▶ _Brief_: Reproduce, word for word, the lines in the material below starting with the one that has "La liste des espaces communautaires" and going on through the one that has "PrettyLittleThing T-Shirts*Basic &". Leave out all pictures.

▶ _Data for the task_:

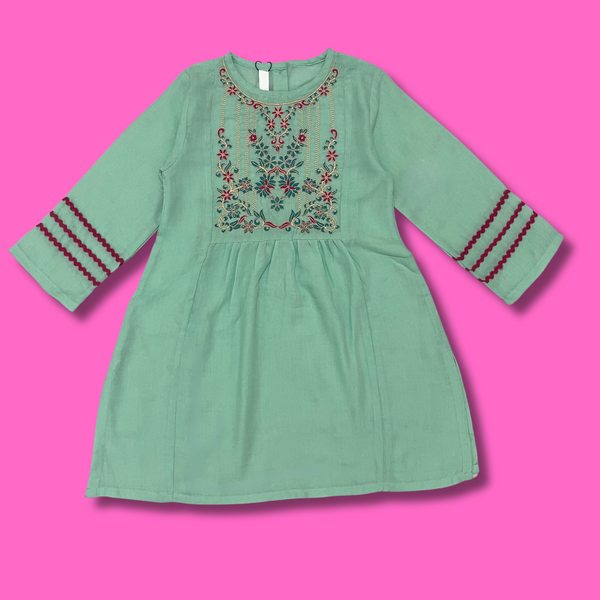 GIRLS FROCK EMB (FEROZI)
* * *
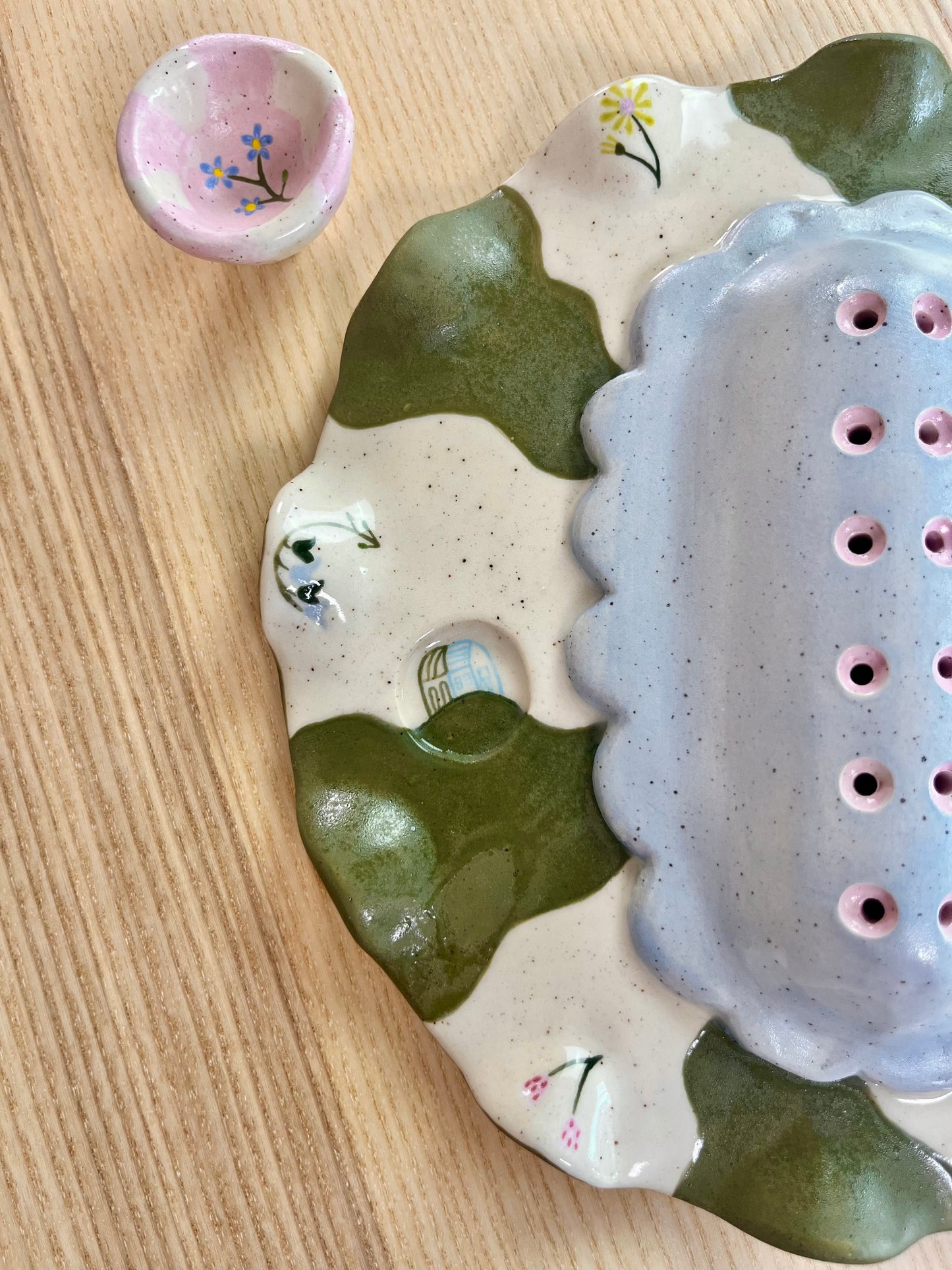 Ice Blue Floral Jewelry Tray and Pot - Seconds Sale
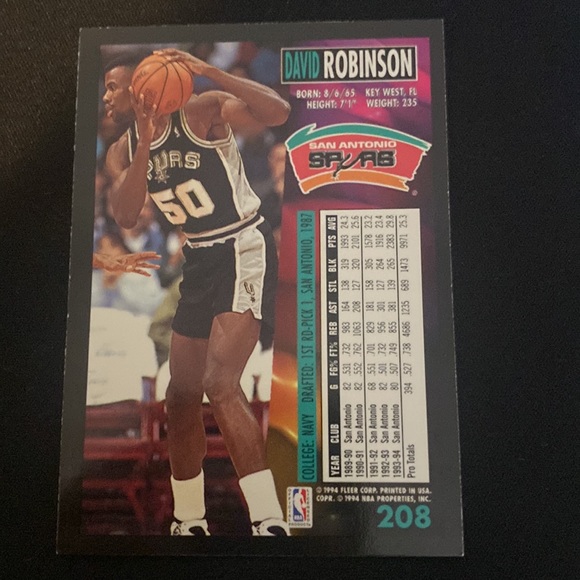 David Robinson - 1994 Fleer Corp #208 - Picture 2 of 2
==
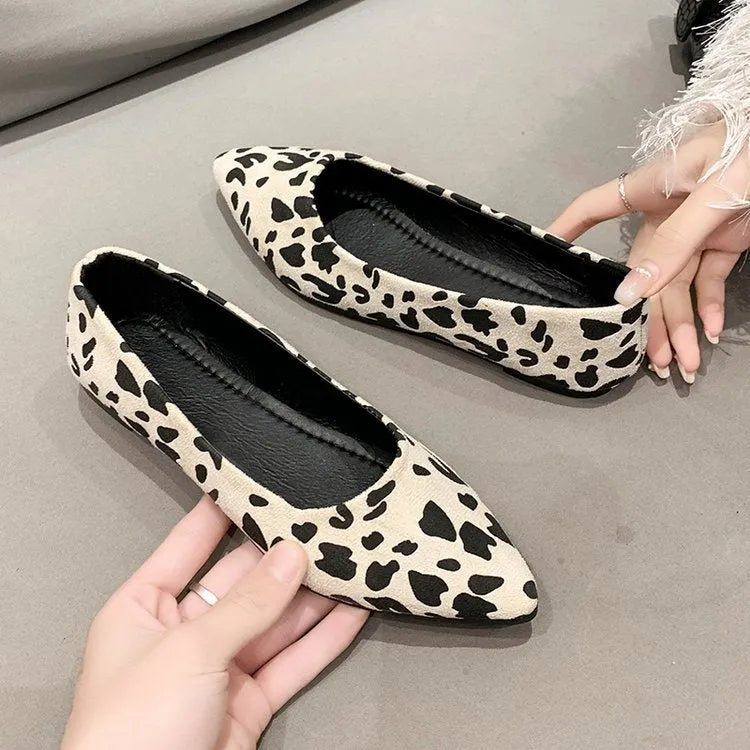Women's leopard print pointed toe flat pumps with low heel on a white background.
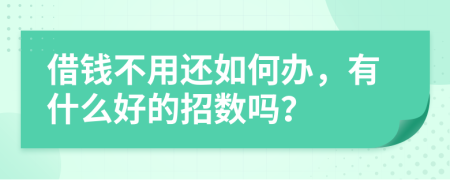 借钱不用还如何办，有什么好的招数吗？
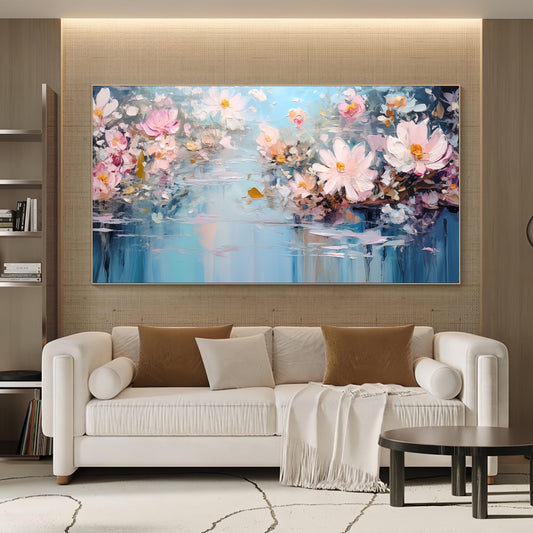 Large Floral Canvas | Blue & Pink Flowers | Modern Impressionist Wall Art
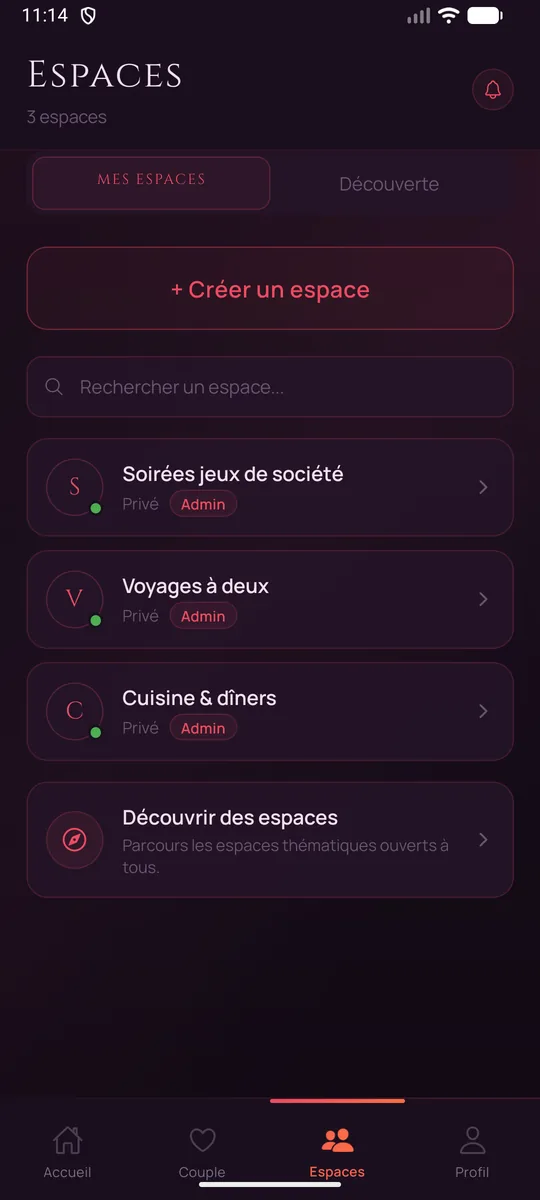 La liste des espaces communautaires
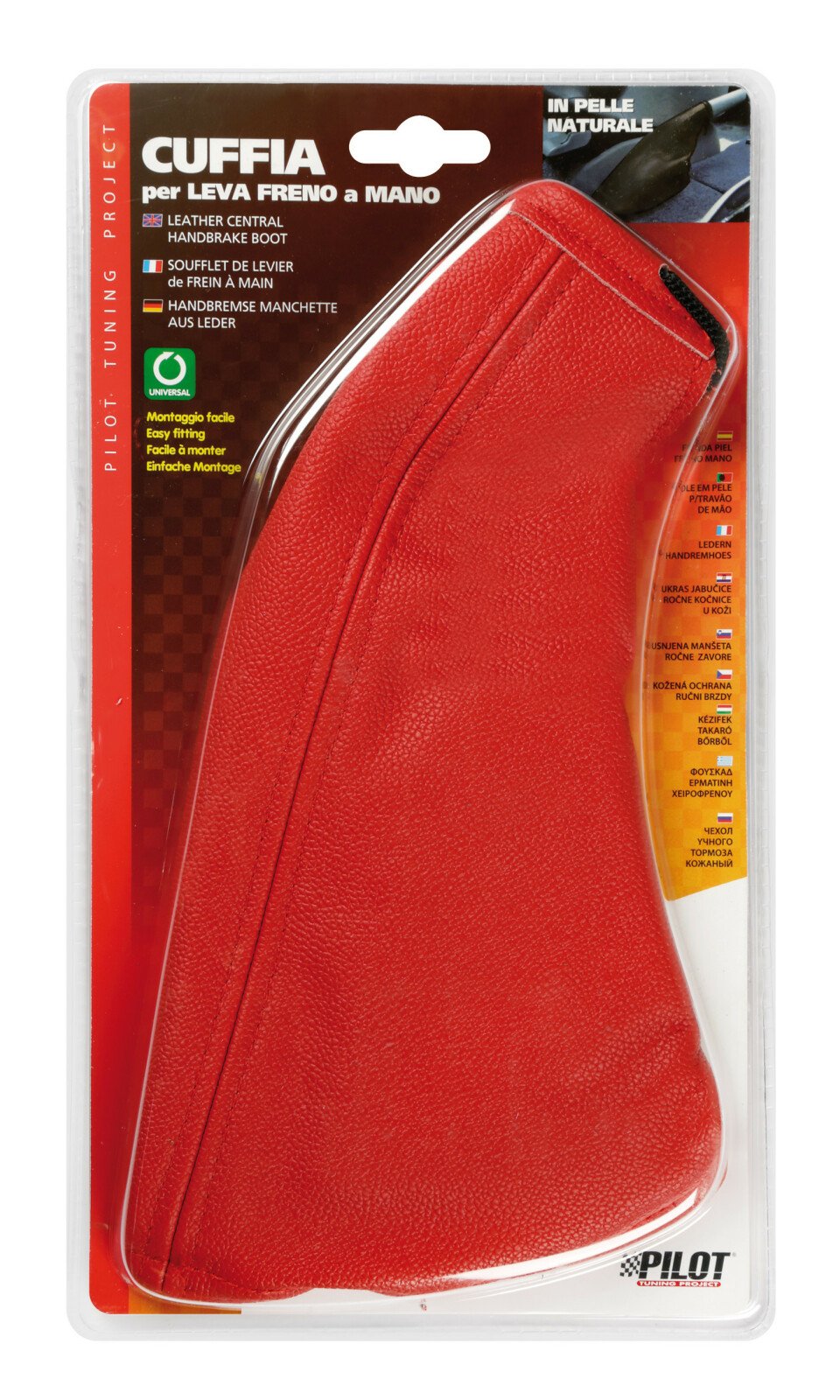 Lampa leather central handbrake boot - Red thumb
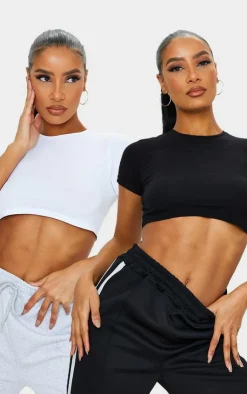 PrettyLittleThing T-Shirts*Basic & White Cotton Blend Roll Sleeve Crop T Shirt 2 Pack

▶ _Expected answer_:
 La liste des espaces communautaires
 Lampa leather central handbrake boot - Red thumb
 PrettyLittleThing T-Shirts*Basic & White Cotton Blend Roll Sleeve Crop T Shirt 2 Pack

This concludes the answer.